Cette faculté de communication doit nous permettre de dépasser les limites organiques de nos sens, jusqu'à comprendre un jour que la distance est une illusion, qu'elle n'existe que sous la poussée de notre esprit.
– Donc, la communication serait pour toi la clef pour briser cette distance ?
– La communication pour moi a ce sens : perception doublée, parce qu'on ne peut percevoir qu'en dynamique avec la chose perçue, autrement dit : je te vois comme tu me vois, parce que je te montre comme tu me montres. Ce que je perçois de la fleur correspond à ce que je veux montrer de moi à cette fleur. Ceci est un secret que peu de « savants » veulent entendre.
– Mais lorsque tu perçois une fleur, le fais-tu en fonction de la pensée ?
– Non, mais la pensée n'est pas un obstacle, elle est un outil d'interprétation, si je me sers bien de la pensée, il n'y a aucune raison pour se glisse entre la fleur et moi.
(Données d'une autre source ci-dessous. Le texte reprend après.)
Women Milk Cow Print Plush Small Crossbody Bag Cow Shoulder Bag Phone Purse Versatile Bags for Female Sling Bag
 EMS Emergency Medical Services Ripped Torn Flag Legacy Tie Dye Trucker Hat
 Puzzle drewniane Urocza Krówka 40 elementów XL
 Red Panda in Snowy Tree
La pensée est comme un chien, si le chien est mal éduqué, il monte dans ton lit et te met dehors. Si le chien est bien éduqué, il dort sous ton lit et veille pour que tu puisses dormir en paix.
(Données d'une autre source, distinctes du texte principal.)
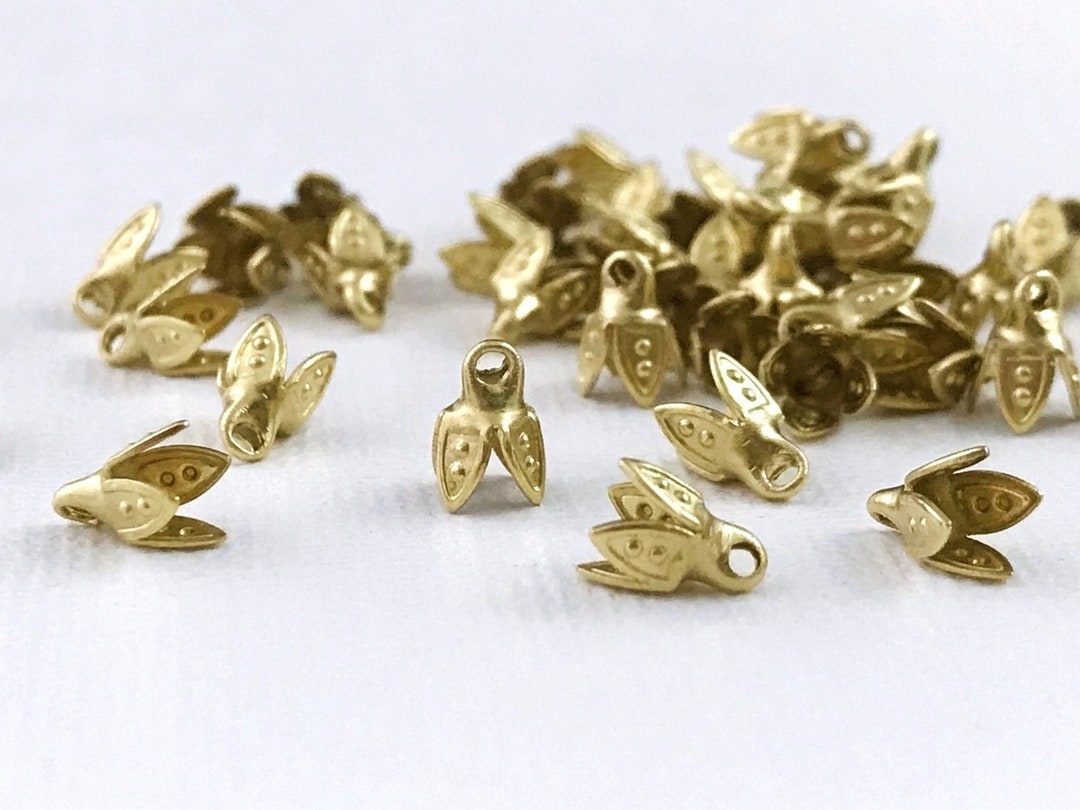 3 Mm Tiny Bell Caps. Four Petal Bead Top. Beading End Caps Etsy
– Mais comment sais-tu lorsque tu perçois la fleur sans l'interprétation de la pensée ?
– Je ne sais pas, puisque savoir dépend de la pensée, je sens avec mon corps, ou je sais avec mon corps. Dès lors je peux aussi inviter la pensée au banquet et partager avec elle ce que mon corps sait, c'est aussi simple... (Sourire)
– Donc, tu dirais qu'il est possible de contrôler la pensée au lieu de se laisser contrôler par elle ?
– Je l'affirme ! Je le démontre aussi, chaque jour.
– Pourquoi je crois que c'est impossible ? Dans mon cas, tout ce que je fais semble être sous l'ordre d'une pensée.
– Tout ce que tu me dis, je l'ai dit aussi. Tu es sincère, sois tranquille. Tranquille et jamais au repos, comme une flèche tendue, la flèche, se pose-t-elle la question : mais où vais-je ?
Non, ce n'est pas son affaire, elle se tient droite, sans peur ni remord, sans doute ni question, mais juste tendue vers l'autre rivage.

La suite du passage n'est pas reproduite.